** What needs to be done **
Give back all of the records exactly.

** Provided records **
════
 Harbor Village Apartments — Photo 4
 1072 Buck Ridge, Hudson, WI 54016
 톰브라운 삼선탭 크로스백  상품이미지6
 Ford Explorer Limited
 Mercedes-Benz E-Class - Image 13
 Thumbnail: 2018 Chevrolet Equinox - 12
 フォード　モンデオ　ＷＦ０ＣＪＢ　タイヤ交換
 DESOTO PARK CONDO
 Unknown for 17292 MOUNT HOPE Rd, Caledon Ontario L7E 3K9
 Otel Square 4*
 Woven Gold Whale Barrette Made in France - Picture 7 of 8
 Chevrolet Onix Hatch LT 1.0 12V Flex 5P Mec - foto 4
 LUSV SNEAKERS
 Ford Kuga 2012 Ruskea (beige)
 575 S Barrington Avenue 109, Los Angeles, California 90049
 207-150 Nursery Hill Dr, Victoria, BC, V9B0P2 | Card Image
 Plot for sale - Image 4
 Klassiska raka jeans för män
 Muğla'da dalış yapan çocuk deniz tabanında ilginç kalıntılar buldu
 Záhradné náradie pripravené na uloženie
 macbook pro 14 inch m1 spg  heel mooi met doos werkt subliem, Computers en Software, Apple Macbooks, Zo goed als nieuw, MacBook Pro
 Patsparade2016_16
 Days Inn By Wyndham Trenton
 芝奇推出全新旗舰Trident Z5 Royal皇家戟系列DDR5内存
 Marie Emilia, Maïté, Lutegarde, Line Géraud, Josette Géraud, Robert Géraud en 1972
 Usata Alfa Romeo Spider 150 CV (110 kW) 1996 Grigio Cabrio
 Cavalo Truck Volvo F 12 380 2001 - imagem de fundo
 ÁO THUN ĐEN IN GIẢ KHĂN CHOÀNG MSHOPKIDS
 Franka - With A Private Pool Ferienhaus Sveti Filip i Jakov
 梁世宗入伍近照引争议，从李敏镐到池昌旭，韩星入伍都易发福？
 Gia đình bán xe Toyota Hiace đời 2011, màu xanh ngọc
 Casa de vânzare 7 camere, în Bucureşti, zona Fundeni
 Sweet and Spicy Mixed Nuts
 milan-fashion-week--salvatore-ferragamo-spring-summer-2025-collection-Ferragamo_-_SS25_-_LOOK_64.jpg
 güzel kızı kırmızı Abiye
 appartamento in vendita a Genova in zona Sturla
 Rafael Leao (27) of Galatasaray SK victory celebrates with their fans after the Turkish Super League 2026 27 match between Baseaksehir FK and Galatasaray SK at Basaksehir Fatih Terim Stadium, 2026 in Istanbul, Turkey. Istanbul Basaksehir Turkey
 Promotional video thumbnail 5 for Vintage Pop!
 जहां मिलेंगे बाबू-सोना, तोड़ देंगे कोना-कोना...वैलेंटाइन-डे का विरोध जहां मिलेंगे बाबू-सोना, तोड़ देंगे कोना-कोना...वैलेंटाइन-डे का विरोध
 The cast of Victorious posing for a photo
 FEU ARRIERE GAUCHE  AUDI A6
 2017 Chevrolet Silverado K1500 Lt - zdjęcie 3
════
** Response area **
 Harbor Village Apartments — Photo 4
 1072 Buck Ridge, Hudson, WI 54016
 톰브라운 삼선탭 크로스백  상품이미지6
 Ford Explorer Limited
 Mercedes-Benz E-Class - Image 13
 Thumbnail: 2018 Chevrolet Equinox - 12
 フォード　モンデオ　ＷＦ０ＣＪＢ　タイヤ交換
 DESOTO PARK CONDO
 Unknown for 17292 MOUNT HOPE Rd, Caledon Ontario L7E 3K9
 Otel Square 4*
 Woven Gold Whale Barrette Made in France - Picture 7 of 8
 Chevrolet Onix Hatch LT 1.0 12V Flex 5P Mec - foto 4
 LUSV SNEAKERS
 Ford Kuga 2012 Ruskea (beige)
 575 S Barrington Avenue 109, Los Angeles, California 90049
 207-150 Nursery Hill Dr, Victoria, BC, V9B0P2 | Card Image
 Plot for sale - Image 4
 Klassiska raka jeans för män
 Muğla'da dalış yapan çocuk deniz tabanında ilginç kalıntılar buldu
 Záhradné náradie pripravené na uloženie
 macbook pro 14 inch m1 spg  heel mooi met doos werkt subliem, Computers en Software, Apple Macbooks, Zo goed als nieuw, MacBook Pro
 Patsparade2016_16
 Days Inn By Wyndham Trenton
 芝奇推出全新旗舰Trident Z5 Royal皇家戟系列DDR5内存
 Marie Emilia, Maïté, Lutegarde, Line Géraud, Josette Géraud, Robert Géraud en 1972
 Usata Alfa Romeo Spider 150 CV (110 kW) 1996 Grigio Cabrio
 Cavalo Truck Volvo F 12 380 2001 - imagem de fundo
 ÁO THUN ĐEN IN GIẢ KHĂN CHOÀNG MSHOPKIDS
 Franka - With A Private Pool Ferienhaus Sveti Filip i Jakov
 梁世宗入伍近照引争议，从李敏镐到池昌旭，韩星入伍都易发福？
 Gia đình bán xe Toyota Hiace đời 2011, màu xanh ngọc
 Casa de vânzare 7 camere, în Bucureşti, zona Fundeni
 Sweet and Spicy Mixed Nuts
 milan-fashion-week--salvatore-ferragamo-spring-summer-2025-collection-Ferragamo_-_SS25_-_LOOK_64.jpg
 güzel kızı kırmızı Abiye
 appartamento in vendita a Genova in zona Sturla
 Rafael Leao (27) of Galatasaray SK victory celebrates with their fans after the Turkish Super League 2026 27 match between Baseaksehir FK and Galatasaray SK at Basaksehir Fatih Terim Stadium, 2026 in Istanbul, Turkey. Istanbul Basaksehir Turkey
 Promotional video thumbnail 5 for Vintage Pop!
 जहां मिलेंगे बाबू-सोना, तोड़ देंगे कोना-कोना...वैलेंटाइन-डे का विरोध जहां मिलेंगे बाबू-सोना, तोड़ देंगे कोना-कोना...वैलेंटाइन-डे का विरोध
 The cast of Victorious posing for a photo
 FEU ARRIERE GAUCHE  AUDI A6
 2017 Chevrolet Silverado K1500 Lt - zdjęcie 3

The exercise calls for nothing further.